## [WORK TASK]
Each entry here is to be restated word for word.

## [PROVIDED MATERIAL]
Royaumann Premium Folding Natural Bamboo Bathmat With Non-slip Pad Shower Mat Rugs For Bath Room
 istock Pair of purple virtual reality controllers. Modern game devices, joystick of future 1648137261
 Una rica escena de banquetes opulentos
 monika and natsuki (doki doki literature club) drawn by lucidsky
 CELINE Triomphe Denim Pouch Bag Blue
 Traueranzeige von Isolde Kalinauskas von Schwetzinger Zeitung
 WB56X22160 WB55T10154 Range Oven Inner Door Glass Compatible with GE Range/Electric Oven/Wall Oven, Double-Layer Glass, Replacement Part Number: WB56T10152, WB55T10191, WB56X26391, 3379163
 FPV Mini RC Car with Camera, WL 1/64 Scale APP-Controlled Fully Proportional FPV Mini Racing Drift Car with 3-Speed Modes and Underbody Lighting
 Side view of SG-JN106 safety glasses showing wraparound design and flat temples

## [SOLVED EXERCISE]
Royaumann Premium Folding Natural Bamboo Bathmat With Non-slip Pad Shower Mat Rugs For Bath Room
 istock Pair of purple virtual reality controllers. Modern game devices, joystick of future 1648137261
 Una rica escena de banquetes opulentos
 monika and natsuki (doki doki literature club) drawn by lucidsky
 CELINE Triomphe Denim Pouch Bag Blue
 Traueranzeige von Isolde Kalinauskas von Schwetzinger Zeitung
 WB56X22160 WB55T10154 Range Oven Inner Door Glass Compatible with GE Range/Electric Oven/Wall Oven, Double-Layer Glass, Replacement Part Number: WB56T10152, WB55T10191, WB56X26391, 3379163
 FPV Mini RC Car with Camera, WL 1/64 Scale APP-Controlled Fully Proportional FPV Mini Racing Drift Car with 3-Speed Modes and Underbody Lighting
 Side view of SG-JN106 safety glasses showing wraparound design and flat temples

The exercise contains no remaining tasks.